BOSCH: Black-Box Binary Optimization for Short-Context Attention-Head Selection in LLMs
arXiv cs.CL / 4/8/2026
📰 NewsSignals & Early TrendsIdeas & Deep AnalysisModels & Research
Key Points
- BOSCH is a training-free, black-box method for selecting attention heads when converting an LLM’s attention mechanism to sliding-window attention (SWA) for reduced KV-cache and latency.

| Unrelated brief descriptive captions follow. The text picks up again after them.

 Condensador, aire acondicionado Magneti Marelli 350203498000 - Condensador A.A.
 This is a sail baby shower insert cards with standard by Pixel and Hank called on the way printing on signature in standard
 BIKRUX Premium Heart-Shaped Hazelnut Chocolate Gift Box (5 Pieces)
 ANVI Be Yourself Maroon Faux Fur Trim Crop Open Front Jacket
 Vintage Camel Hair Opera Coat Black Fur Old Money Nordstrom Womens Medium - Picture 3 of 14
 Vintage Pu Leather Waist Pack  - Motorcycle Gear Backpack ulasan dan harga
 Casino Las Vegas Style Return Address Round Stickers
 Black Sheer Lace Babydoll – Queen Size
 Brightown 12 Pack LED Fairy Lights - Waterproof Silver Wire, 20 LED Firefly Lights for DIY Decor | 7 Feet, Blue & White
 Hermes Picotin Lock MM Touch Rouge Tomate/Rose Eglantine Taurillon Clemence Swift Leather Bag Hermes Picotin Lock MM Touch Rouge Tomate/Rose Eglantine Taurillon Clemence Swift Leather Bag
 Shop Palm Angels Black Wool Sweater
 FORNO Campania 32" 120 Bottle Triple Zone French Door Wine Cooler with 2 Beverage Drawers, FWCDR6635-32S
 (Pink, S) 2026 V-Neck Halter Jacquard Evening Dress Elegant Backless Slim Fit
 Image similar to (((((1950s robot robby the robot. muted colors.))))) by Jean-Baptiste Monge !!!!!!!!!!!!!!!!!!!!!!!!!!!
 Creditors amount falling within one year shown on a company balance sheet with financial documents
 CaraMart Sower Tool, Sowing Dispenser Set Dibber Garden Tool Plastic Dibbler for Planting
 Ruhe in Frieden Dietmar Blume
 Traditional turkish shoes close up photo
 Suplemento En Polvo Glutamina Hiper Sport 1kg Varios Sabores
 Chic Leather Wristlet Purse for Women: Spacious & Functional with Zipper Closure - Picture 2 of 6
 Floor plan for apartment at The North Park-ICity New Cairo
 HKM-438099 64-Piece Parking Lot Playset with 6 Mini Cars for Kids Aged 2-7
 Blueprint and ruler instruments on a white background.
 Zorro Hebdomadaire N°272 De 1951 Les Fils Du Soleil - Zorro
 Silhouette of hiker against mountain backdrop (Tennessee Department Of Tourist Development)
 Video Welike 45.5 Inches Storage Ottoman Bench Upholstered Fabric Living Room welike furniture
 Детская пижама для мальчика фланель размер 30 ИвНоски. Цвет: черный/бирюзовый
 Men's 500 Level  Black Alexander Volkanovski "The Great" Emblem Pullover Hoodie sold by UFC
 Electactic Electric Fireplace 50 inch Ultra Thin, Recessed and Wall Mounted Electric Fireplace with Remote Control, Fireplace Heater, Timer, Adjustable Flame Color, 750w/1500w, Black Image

- The paper argues that existing hybridization approaches are limited because layer-level methods ignore head routing within layers, while static head rankings become entangled and may change behavior after hybridization.
- BOSCH formulates head selection as Large Neighborhood Search and solves it via three subproblems: detecting layer importance with small-budget probes, assigning an adaptive SWA ratio per layer, and optimizing head choices within grouped ratio buckets.
- Experiments on four LLMs (1.7B–30B parameters) across four SWA ratios show BOSCH beats both layer-level heuristics and six strong static head-selection baselines, especially at higher SWA ratios.
- Under continual pretraining, BOSCH more quickly and more fully recovers original long-context performance, and its selected heads meaningfully change across SWA ratios, highlighting the need for ratio-specific head selection.